Bernard Crick: A Political Education

By Joanna Bourke, Professor Emerita of History, Birkbeck, University of London and author of Birkbeck: 200 Years of Radical Learning (OUP, 2023).

Bernard Crick

Bernard Crick at the Annual George Orwell Memorial Lecture (JSTOR)

Bernard Crick was one of the most distinguished British political scientists of the twentieth century and a self-proclaimed polemicist. He established the Department of Sociology and Politics at Birkbeck in 1972 and was its Chair until he took early retirement in 1984. In those thirteen years, Crick transformed Birkbeck’s intellectual and political character, leaving behind one of the most respected Politics Departments in the country.

Crick was born in 1929 and died in 2008, at the age of 79. He studied Economics at University College, London, before moving to the LSE to complete his doctorate, awarded in 1952 and published in 1958 under the title The American Science of Politics. It was a critique of the behaviourist streak of American politics. Although he taught in many American universities (including Harvard, McGill, and Berkeley in the 1950s), his first permanent academic posts were at the LSE and then the University of Sheffield. In 1972, however, he was appointed to Birkbeck to establish the college’s first Department of Politics and Sociology.

Crick was thrilled to be appointed at Birkbeck. He had been commuting to Sheffield from London for years and was relieved to be back in his home-city.
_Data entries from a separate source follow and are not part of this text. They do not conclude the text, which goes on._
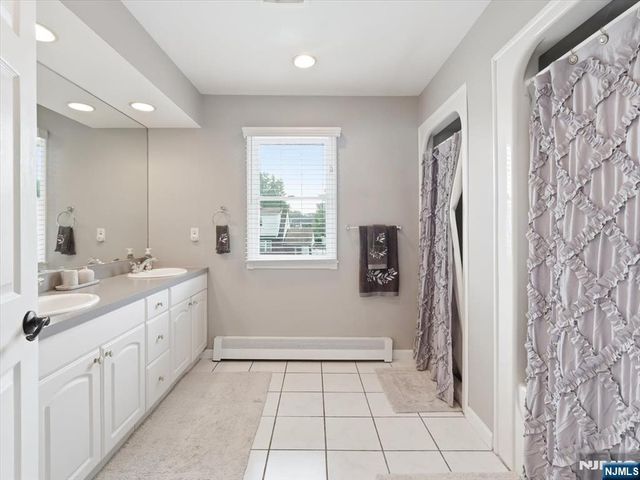 42 Winslow Terrace, Fair Lawn, NJ 07410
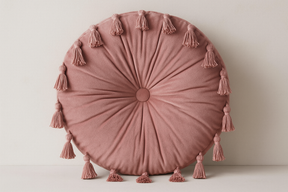 Almofada Redonda Rosa Seco com Franjas - Boho 40cm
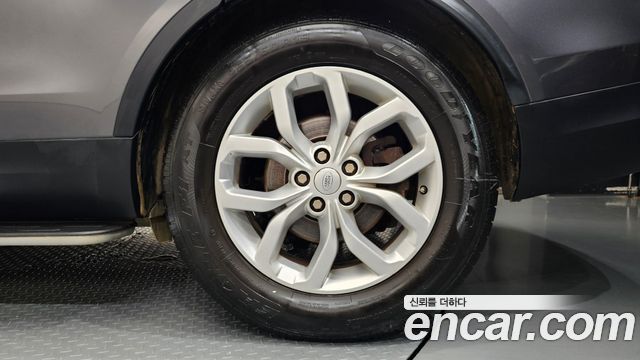 Land Rover Discovery 5 2.0 SD4 SE 2018 — фото 21
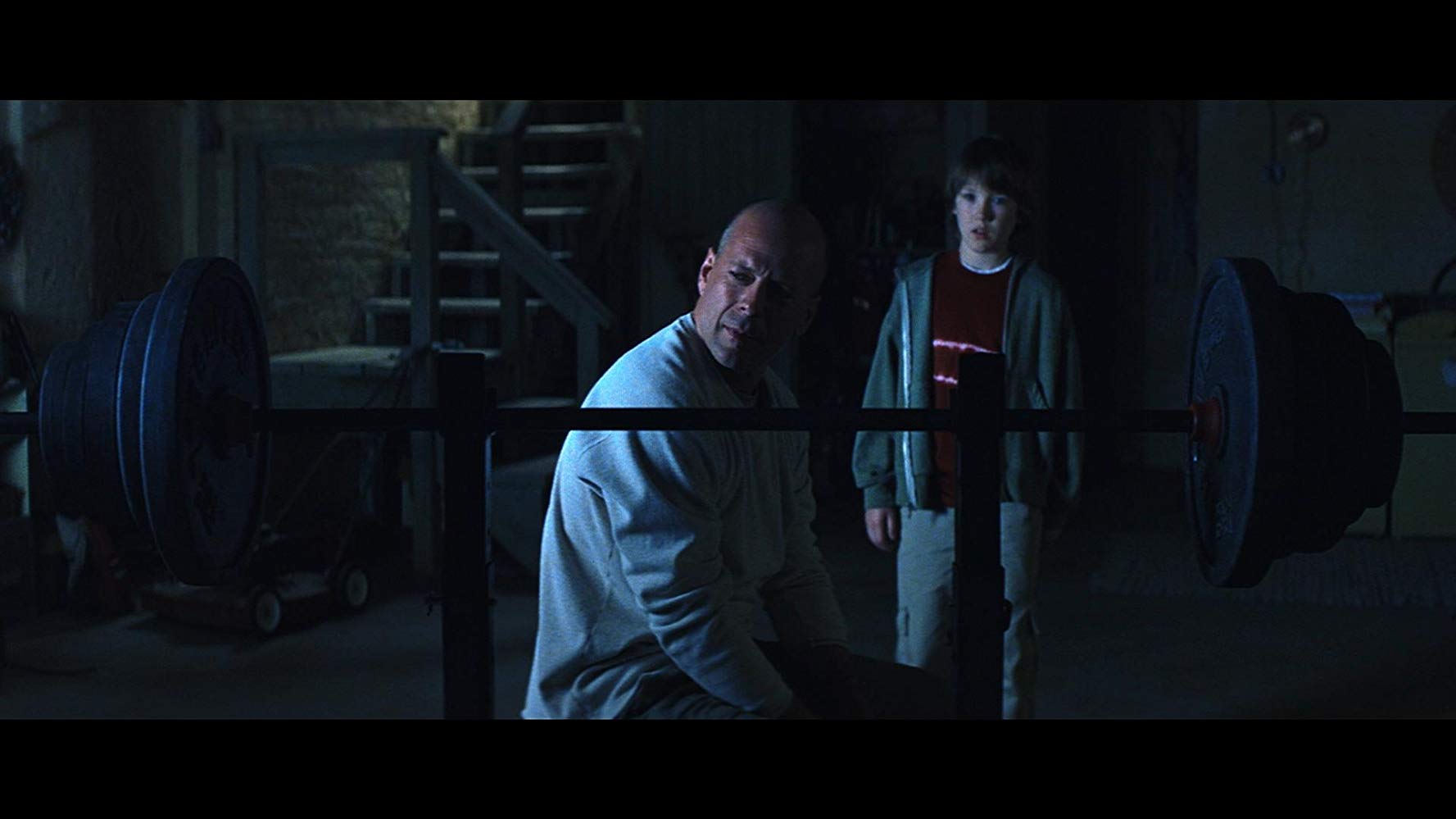 Dunn would have never realized his powers had it not been for Glass. (IMDb)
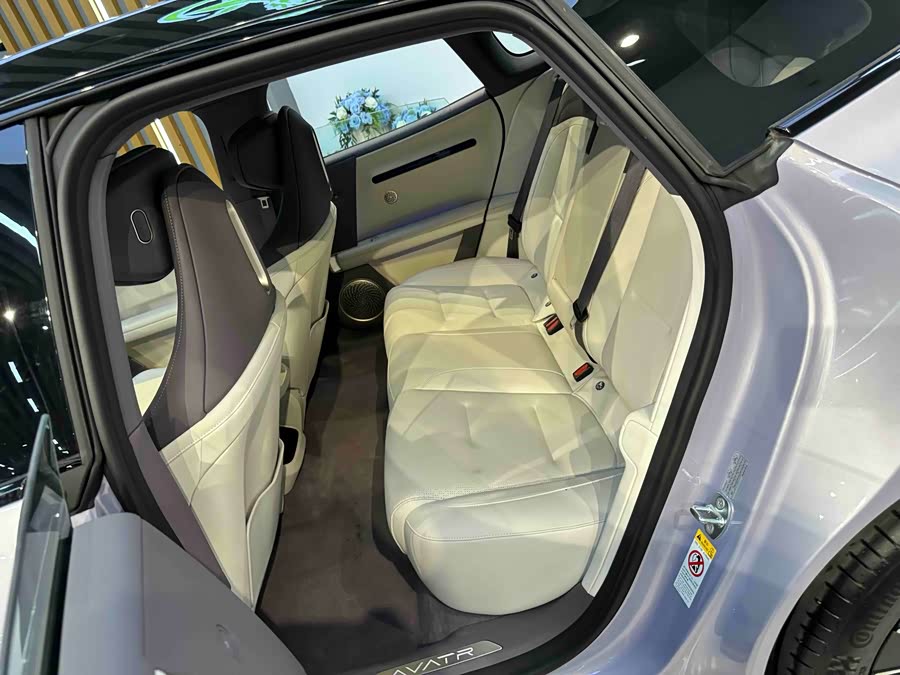 Avatr 06 2025 imagem de carro #16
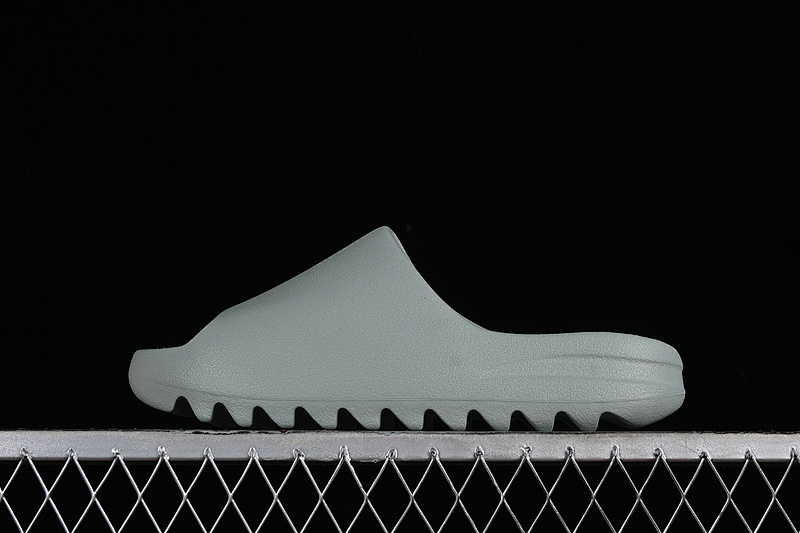 Adidas Adidas KANYE WEST X YEEZY SLIDE RESIN SALT/SALT/SALT · ID5480, photo 1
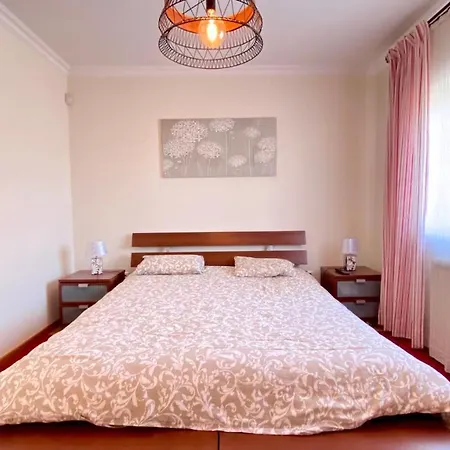 Moradia Alex Beach House - 3 Bedroom With Garden Bbq *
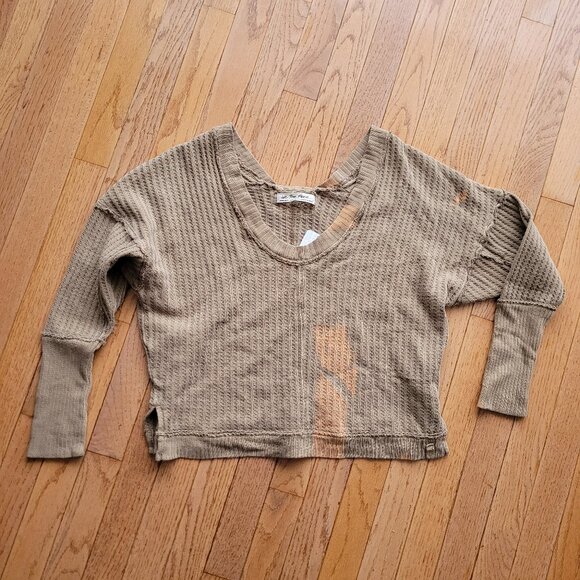 Free People Size XS New Magic Thermal Tee Golden Olive FLAWS Upcycle Bleach - Picture 1 of 12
He was also a strong supporter of adult education, believing that it was important for students of sociology and politics to have practical experience in the ‘real world’. One of his early messages after arriving at Birkbeck was to inform prospective applicants that ‘candidates from a first degree into which they came straight from school will not usually be considered’! He also thought that adult students improved the entire learning experience. Crick always argued that a university ‘should be a creative sharing, not a departmentalisation of learning’, as he put it in Political Thoughts and Polemics (1990).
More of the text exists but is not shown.